First, a method for measuring the content of insoluble matter, the K value of polymer powder, the pH, the solid content, the amount of residual N-vinyl-2-pyrrolidone, and the average particle size will be described.
(1) Content measurement of insoluble matter (preparation of ion-exchanged water from which insoluble matter has been removed)
Ion exchange water is filtered through a filter having a pore diameter of 0.45 μm (manufactured by ADVANTEC, mixed cellulose ester system, diameter 90 mm), and 5,000 g of ion exchange water from which insoluble matter has been removed is collected.

(Preparation of suction filter)
The weight of a polytetrafluoroethylene filter (Sartorius, diameter 50 mm) having a pore diameter of 1.2 μm is accurately weighed to 0.0001 g (W ₁ g), and then set on a suction filter.

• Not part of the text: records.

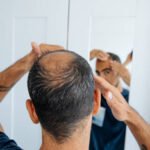 Stem Cell Hair Transplant in Dubai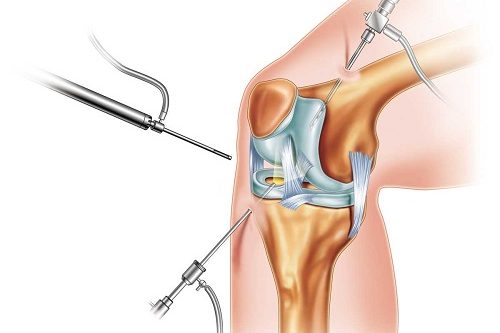 Artroskopik Osteotomi Cerrahisi Artroskopik Osteotomi Cerrahisi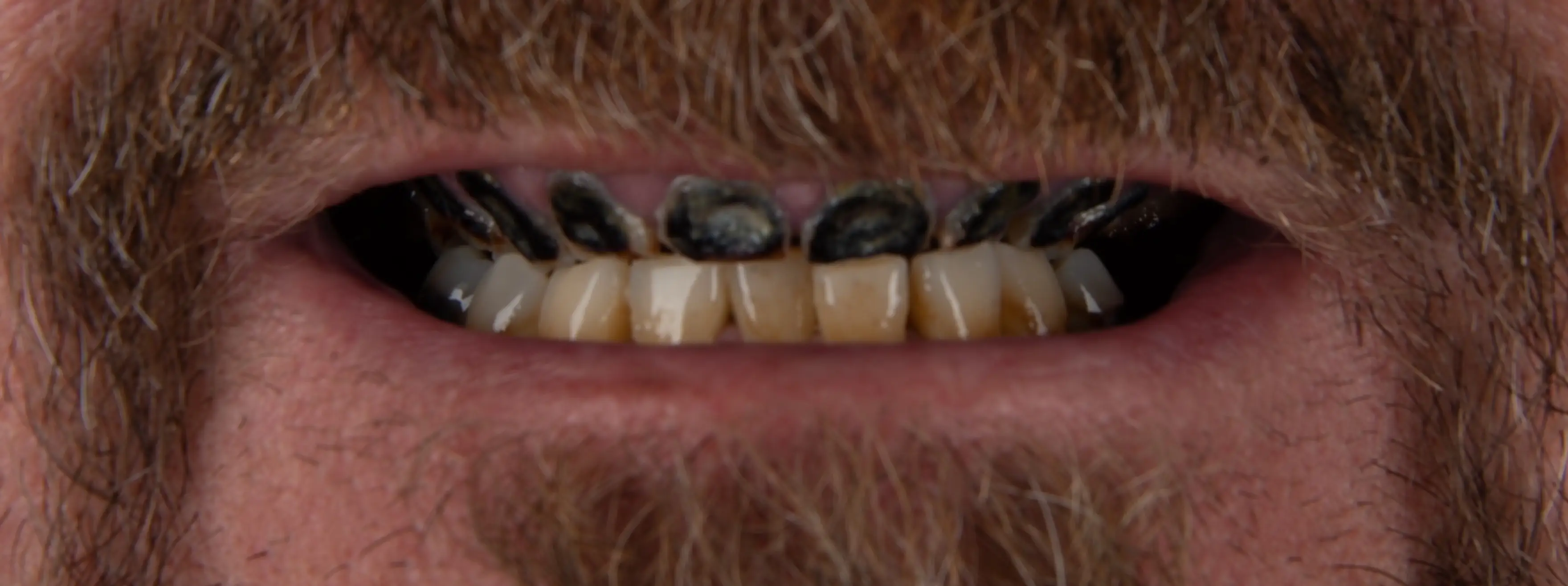 Before Dental Procedure
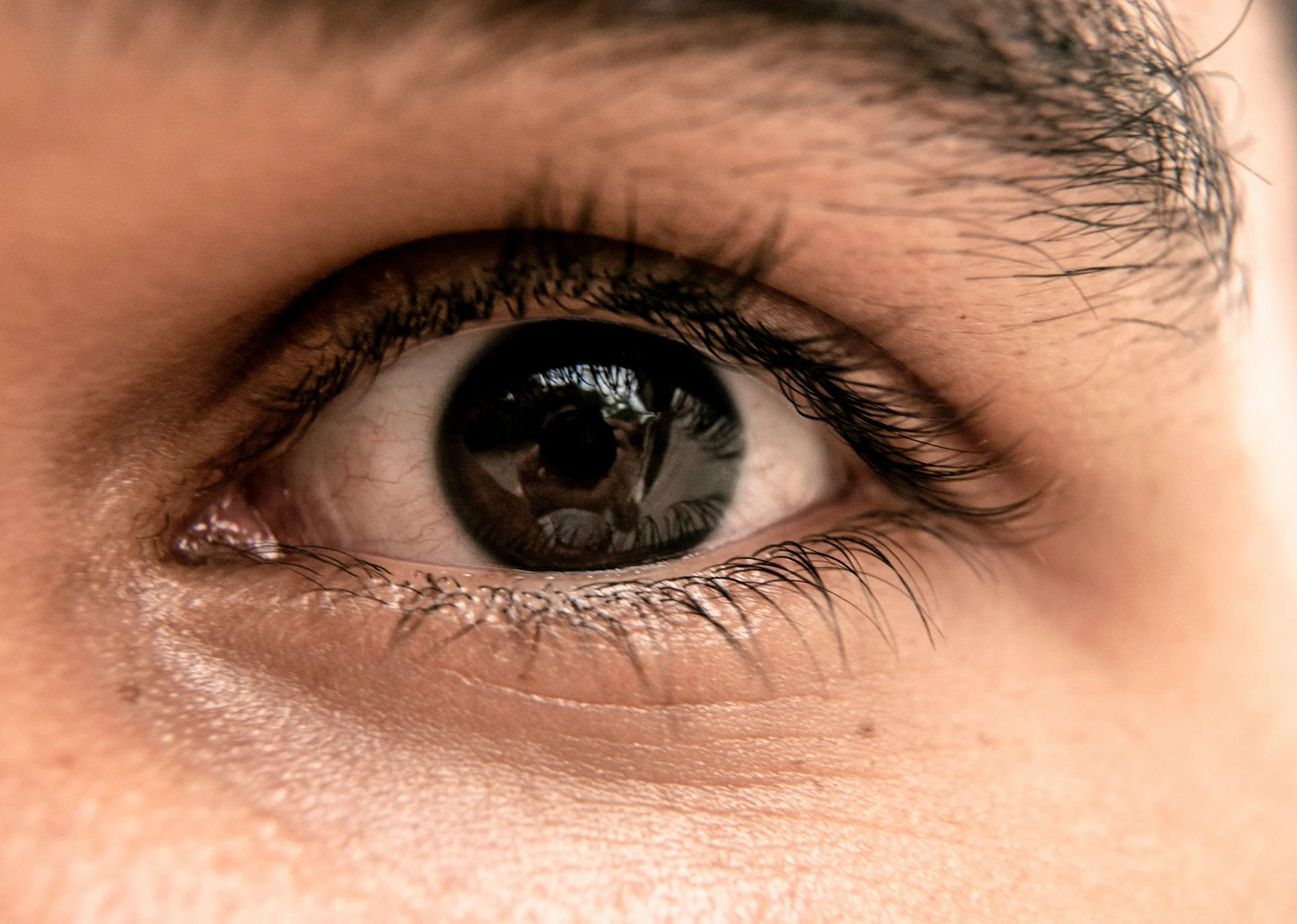 Under-Eye Treatments in Muswell Hill — Dark Circles, Hollows and Tiredness Explained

Next, 50 g of isopropanol is filtered, and 50 g of ion-exchanged water from which insoluble matter has been removed is filtered to make the filter hydrophilic.

(Preparation of measurement sample)
<PH adjusted monomer solution>
A monomer solution with a pH adjusted obtained in the process of producing a vinylpyrrolidone polymer solution is used as a measurement sample.

<Vinyl pyrrolidone polymer solution>
A measurement sample is prepared by adding ion-exchanged water from which insolubles have been removed to the vinylpyrrolidone polymer solution obtained by the production method of the present invention to adjust the vinylpyrrolidone polymer concentration to 2%.

<Vinyl pyrrolidone polymer powder>
Add 4,900 g of ion-exchanged water from which insoluble materials have been removed to a 5 L beaker, add 100 g of vinylpyrrolidone polymer powder while stirring with a stirring blade, and take 60 minutes at 25 ° C. Dissolve. By this operation, 5,000 g of a 2% vinylpyrrolidone polymer powder aqueous solution is obtained and used as a measurement sample.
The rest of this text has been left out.